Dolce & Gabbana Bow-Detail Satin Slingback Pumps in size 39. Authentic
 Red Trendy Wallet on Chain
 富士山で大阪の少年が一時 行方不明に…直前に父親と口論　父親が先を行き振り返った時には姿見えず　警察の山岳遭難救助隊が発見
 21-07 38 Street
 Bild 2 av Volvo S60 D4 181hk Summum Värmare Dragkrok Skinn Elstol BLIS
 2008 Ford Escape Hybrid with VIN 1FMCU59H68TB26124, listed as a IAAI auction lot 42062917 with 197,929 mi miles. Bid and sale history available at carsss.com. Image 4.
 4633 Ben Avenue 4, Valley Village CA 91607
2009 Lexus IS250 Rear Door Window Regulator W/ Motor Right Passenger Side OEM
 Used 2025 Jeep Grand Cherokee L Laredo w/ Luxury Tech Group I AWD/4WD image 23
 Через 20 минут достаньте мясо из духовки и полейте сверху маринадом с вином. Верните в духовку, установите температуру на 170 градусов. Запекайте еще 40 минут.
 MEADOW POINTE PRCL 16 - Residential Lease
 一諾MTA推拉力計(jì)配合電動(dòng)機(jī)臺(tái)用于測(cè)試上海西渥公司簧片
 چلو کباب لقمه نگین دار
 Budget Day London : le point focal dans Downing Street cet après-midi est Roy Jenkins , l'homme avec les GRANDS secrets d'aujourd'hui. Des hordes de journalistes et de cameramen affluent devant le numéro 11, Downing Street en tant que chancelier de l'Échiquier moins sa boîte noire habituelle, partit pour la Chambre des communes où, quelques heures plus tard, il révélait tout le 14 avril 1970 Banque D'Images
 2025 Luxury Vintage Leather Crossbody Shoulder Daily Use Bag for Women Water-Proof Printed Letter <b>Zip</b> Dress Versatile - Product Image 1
════
→ TASK STATEMENT
Retype, exactly and in full, the listing from its first line to the one holding "Bild 2 av Volvo", both included.

→ OUTPUT
Dolce & Gabbana Bow-Detail Satin Slingback Pumps in size 39. Authentic
 Red Trendy Wallet on Chain
 富士山で大阪の少年が一時 行方不明に…直前に父親と口論　父親が先を行き振り返った時には姿見えず　警察の山岳遭難救助隊が発見
 21-07 38 Street
 Bild 2 av Volvo S60 D4 181hk Summum Värmare Dragkrok Skinn Elstol BLIS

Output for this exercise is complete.